___ Given records ___

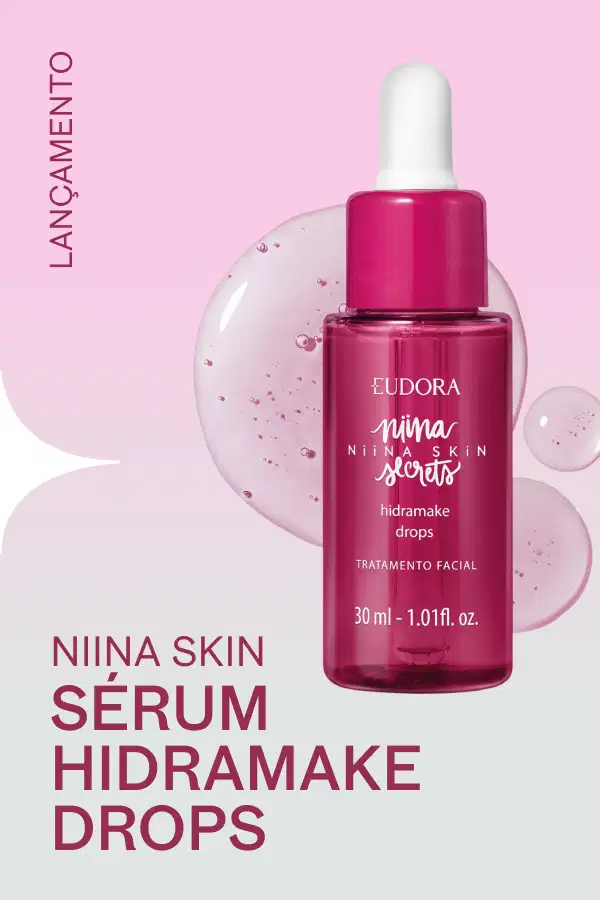 Sérum Facial Hidramake Drops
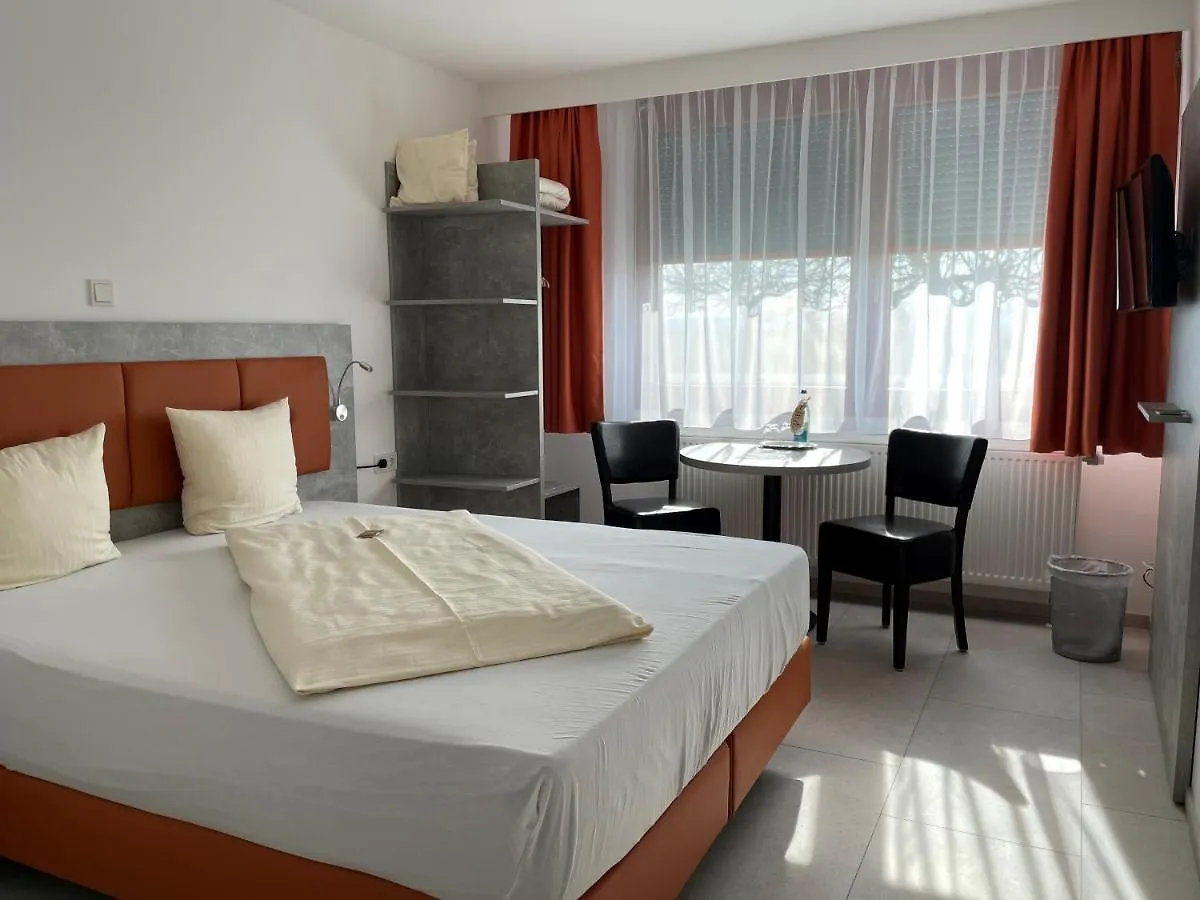 Hotel Frankenhoehe Aurach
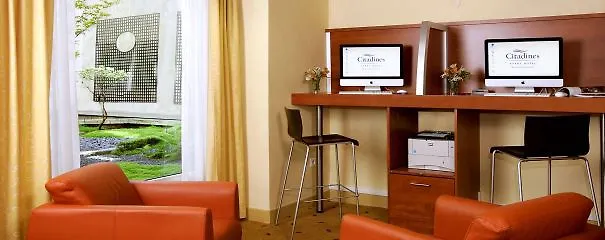 Apart-hotel Citadines Montmartre Paris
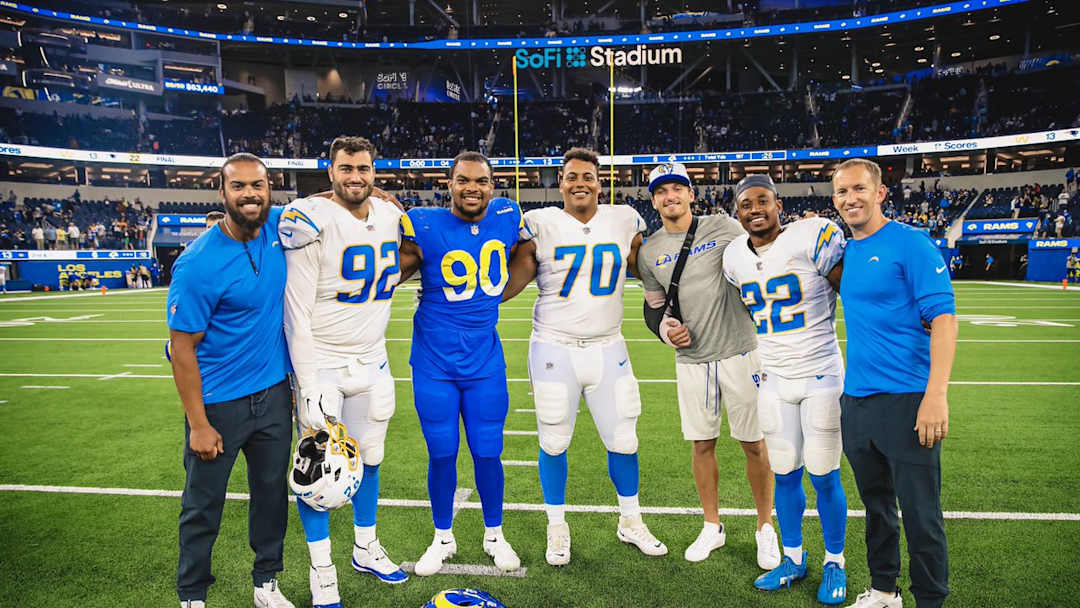 It's a Wildcat Reunion at SoFi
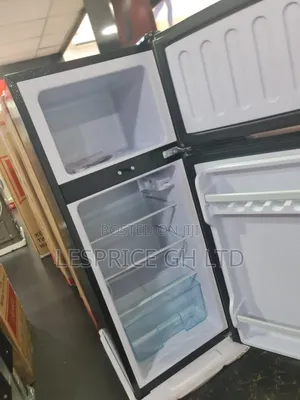 H a Fridge - Steady Cooling Always!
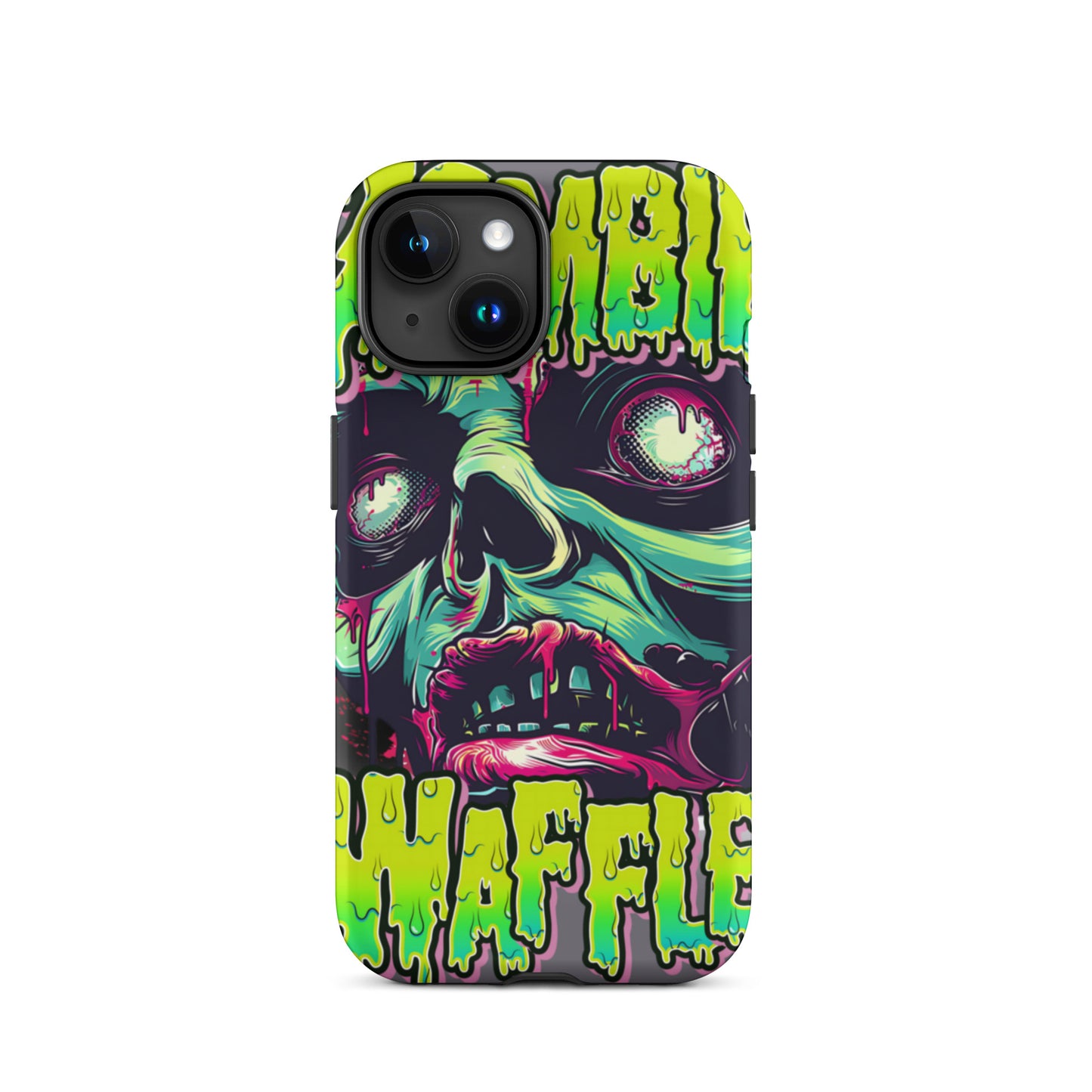 Bob the Zombie Tough Case for iPhone®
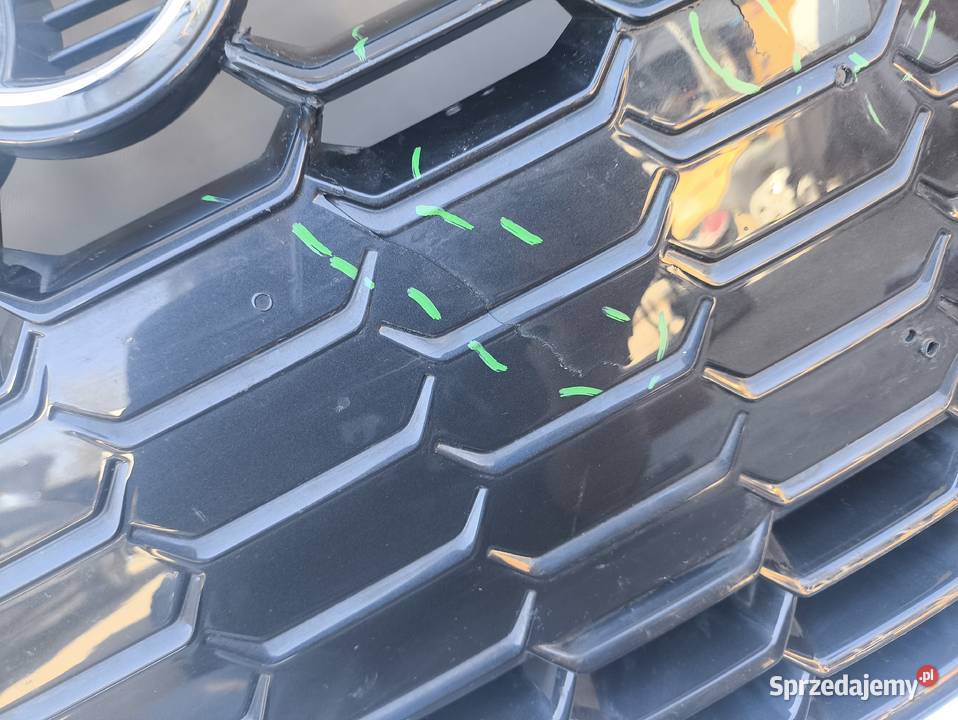 AUDI A3 8Y BASIC SLINE 202024 GRILL ATRAPA mazowieckie Radom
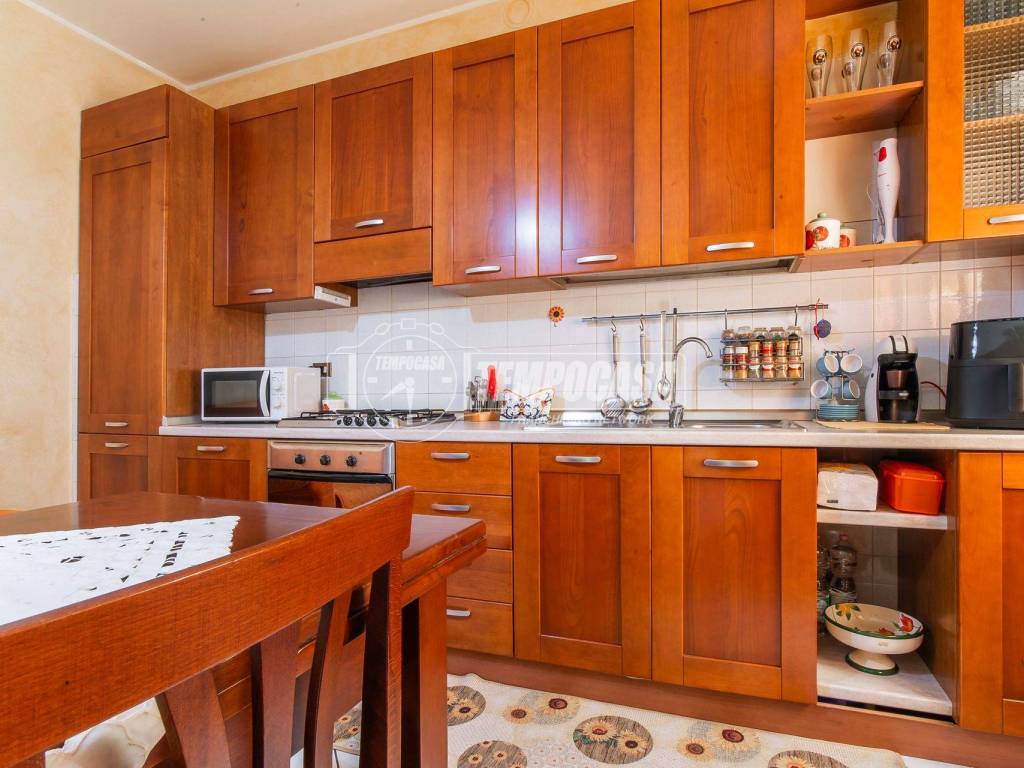 Appartamento a Solbiate olona in Via Antonio Benetti, 45 - Foto 4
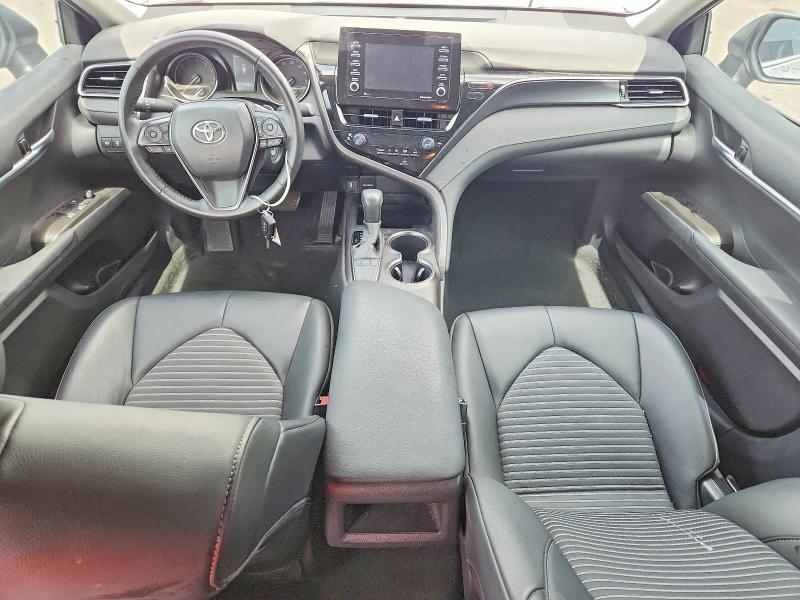 2023 TOYOTA CAMRY SE — Фото 8 из 13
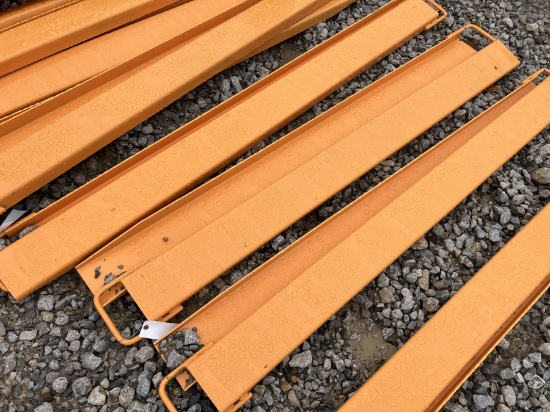 PALLET FOR EXTENSIONS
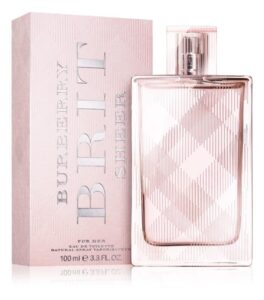 Burberry Brit Sheer by Burberry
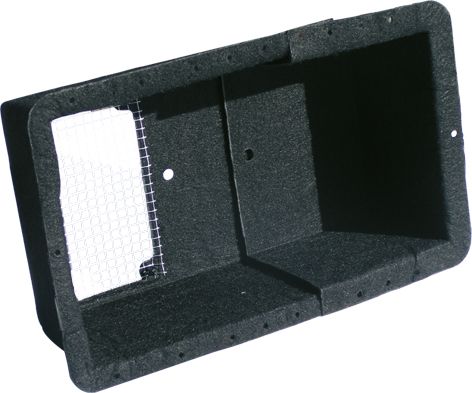 Air Outlet Channel for Air Conditioners Saphir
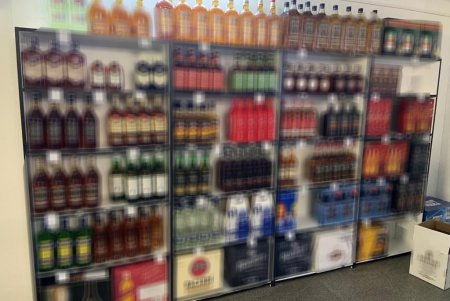 В магазинах Duty Free в Одесской области обнаружили контрафактный табак и алкоголь на девять миллионов гривен (фото)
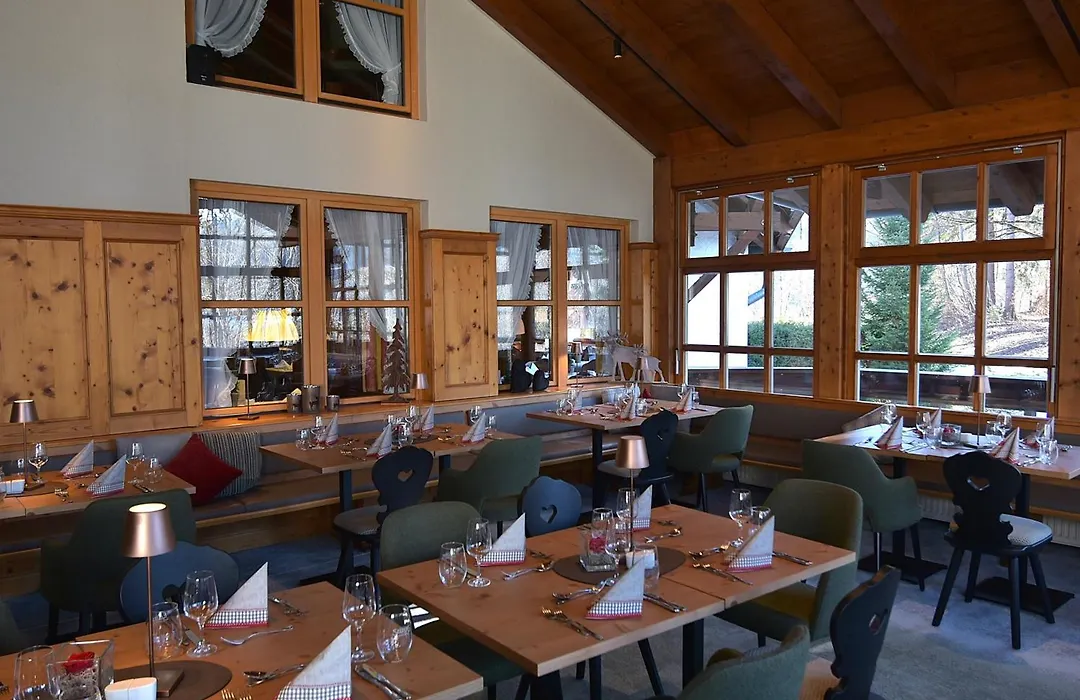 Dorint Sporthotel Garmisch-Partenkirchen-1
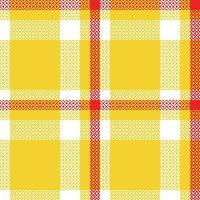 Tartan Muster nahtlos. schottisch Tartan Muster zum Hemd Druck, Kleidung, Kleider, Tischdecken, Decken, Bettwäsche, Papier, Steppdecke, Stoff und andere Textil- Produkte. vektor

___

Work item
Return all of the lines above without alteration, minus the pictures.

Your solution
 Sérum Facial Hidramake Drops
 Hotel Frankenhoehe Aurach
 Apart-hotel Citadines Montmartre Paris
 It's a Wildcat Reunion at SoFi
 H a Fridge - Steady Cooling Always!
 Bob the Zombie Tough Case for iPhone®
 AUDI A3 8Y BASIC SLINE 202024 GRILL ATRAPA mazowieckie Radom
 Appartamento a Solbiate olona in Via Antonio Benetti, 45 - Foto 4
 2023 TOYOTA CAMRY SE — Фото 8 из 13
 PALLET FOR EXTENSIONS
 Burberry Brit Sheer by Burberry
 Air Outlet Channel for Air Conditioners Saphir
 В магазинах Duty Free в Одесской области обнаружили контрафактный табак и алкоголь на девять миллионов гривен (фото)
 Dorint Sporthotel Garmisch-Partenkirchen-1
 Tartan Muster nahtlos. schottisch Tartan Muster zum Hemd Druck, Kleidung, Kleider, Tischdecken, Decken, Bettwäsche, Papier, Steppdecke, Stoff und andere Textil- Produkte. vektor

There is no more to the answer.